> [Web page caption snippets]:
- Opening Delimiter -

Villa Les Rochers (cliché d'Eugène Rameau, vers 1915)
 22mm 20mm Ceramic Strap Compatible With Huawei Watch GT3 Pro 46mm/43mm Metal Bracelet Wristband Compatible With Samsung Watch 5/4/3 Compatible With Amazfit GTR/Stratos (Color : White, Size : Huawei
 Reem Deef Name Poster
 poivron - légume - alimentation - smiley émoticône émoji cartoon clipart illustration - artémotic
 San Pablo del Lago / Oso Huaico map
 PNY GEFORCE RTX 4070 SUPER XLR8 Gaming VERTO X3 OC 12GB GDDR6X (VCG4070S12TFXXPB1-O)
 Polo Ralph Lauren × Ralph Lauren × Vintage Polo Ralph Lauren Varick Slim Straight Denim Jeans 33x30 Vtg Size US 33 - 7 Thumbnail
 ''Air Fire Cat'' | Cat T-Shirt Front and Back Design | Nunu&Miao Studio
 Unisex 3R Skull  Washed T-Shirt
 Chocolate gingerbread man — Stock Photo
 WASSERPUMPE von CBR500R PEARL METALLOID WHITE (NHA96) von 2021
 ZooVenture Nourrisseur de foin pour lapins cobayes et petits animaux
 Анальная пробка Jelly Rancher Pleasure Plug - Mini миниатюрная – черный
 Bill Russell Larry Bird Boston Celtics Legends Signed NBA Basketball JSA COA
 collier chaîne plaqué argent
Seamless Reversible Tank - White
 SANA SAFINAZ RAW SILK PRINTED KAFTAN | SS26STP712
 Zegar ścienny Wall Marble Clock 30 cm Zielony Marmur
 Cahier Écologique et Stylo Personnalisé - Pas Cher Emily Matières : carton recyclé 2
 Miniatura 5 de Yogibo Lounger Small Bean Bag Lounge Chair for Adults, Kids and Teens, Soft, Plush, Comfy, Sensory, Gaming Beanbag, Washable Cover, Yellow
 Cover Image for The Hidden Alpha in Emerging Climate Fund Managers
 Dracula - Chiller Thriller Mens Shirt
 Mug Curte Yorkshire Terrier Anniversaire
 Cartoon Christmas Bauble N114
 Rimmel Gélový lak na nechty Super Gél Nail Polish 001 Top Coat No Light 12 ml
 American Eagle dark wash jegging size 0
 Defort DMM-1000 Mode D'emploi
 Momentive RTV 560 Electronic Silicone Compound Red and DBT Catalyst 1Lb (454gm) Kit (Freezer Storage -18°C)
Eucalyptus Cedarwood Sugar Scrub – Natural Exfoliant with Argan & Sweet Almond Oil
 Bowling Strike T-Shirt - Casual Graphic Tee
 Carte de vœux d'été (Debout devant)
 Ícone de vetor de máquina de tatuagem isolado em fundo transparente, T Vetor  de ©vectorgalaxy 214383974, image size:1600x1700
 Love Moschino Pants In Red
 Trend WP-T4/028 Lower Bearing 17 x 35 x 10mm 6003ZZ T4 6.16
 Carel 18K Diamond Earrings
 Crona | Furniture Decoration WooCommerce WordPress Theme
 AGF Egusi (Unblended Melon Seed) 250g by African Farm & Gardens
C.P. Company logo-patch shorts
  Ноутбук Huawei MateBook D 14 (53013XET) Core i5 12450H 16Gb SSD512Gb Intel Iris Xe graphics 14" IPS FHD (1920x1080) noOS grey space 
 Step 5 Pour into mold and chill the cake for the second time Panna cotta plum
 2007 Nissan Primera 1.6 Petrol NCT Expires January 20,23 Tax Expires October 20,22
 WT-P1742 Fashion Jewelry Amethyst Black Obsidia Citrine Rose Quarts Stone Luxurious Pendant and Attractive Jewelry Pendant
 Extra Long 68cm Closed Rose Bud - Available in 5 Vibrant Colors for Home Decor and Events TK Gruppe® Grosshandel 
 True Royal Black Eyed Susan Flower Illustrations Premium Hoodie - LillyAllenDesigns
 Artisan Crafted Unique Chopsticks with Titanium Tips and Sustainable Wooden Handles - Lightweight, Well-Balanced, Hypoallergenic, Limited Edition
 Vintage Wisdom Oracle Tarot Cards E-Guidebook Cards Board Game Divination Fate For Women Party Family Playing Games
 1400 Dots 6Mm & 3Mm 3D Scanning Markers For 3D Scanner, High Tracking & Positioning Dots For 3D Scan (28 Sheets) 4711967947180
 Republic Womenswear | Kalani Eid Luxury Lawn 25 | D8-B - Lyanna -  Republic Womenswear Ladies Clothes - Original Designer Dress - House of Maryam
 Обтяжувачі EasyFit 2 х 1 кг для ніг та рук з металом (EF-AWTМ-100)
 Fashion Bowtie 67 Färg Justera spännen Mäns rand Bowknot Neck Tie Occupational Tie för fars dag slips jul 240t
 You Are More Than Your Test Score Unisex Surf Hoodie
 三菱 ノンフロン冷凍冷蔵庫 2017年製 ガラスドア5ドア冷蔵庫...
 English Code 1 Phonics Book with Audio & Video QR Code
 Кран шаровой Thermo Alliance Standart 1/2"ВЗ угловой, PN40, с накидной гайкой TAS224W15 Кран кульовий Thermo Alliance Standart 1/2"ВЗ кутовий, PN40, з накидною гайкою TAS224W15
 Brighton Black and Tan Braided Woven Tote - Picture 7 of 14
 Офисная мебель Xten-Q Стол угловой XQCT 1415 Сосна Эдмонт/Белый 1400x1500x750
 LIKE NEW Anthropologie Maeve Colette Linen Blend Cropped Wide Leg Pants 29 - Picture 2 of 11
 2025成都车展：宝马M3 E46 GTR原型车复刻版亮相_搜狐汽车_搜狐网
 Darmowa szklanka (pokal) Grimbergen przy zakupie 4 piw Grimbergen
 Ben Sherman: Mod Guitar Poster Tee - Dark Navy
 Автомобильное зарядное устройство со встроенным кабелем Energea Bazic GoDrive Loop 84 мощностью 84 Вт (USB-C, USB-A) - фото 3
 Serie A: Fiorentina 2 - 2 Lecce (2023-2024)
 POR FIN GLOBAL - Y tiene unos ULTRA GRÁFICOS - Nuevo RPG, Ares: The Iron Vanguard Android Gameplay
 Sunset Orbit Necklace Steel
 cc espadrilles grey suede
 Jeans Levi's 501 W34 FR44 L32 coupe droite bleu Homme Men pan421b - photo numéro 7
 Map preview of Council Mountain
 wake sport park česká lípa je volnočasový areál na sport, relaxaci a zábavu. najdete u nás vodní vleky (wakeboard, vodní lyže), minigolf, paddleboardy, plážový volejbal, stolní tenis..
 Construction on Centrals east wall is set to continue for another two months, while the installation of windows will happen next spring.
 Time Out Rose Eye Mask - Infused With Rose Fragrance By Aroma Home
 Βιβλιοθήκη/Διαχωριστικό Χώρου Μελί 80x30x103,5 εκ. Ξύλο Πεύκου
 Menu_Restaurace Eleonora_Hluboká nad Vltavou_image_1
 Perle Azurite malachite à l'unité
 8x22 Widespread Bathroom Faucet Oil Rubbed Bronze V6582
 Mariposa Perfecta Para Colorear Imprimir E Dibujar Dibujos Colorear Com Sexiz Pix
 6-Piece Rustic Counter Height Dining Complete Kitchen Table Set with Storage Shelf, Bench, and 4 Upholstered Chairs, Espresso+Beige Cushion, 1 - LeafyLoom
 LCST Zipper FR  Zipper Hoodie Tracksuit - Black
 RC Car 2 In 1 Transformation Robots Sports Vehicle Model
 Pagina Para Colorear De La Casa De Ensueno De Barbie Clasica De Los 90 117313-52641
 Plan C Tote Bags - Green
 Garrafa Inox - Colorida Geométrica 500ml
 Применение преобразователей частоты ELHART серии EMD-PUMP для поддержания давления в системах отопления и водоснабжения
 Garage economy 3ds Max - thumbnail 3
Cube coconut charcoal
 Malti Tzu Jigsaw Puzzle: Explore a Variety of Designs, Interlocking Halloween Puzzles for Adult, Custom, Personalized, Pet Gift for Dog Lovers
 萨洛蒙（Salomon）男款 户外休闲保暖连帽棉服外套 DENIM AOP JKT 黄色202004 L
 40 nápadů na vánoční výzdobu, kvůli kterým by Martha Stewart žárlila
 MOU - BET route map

- Closing Delimiter -

> [What to work on]:
Output the data exactly, from the first line through the line that holds "Reem Deef Name Poster", so that no later line appears.

> [Result of this exercise]:
Villa Les Rochers (cliché d'Eugène Rameau, vers 1915)
 22mm 20mm Ceramic Strap Compatible With Huawei Watch GT3 Pro 46mm/43mm Metal Bracelet Wristband Compatible With Samsung Watch 5/4/3 Compatible With Amazfit GTR/Stratos (Color : White, Size : Huawei
 Reem Deef Name Poster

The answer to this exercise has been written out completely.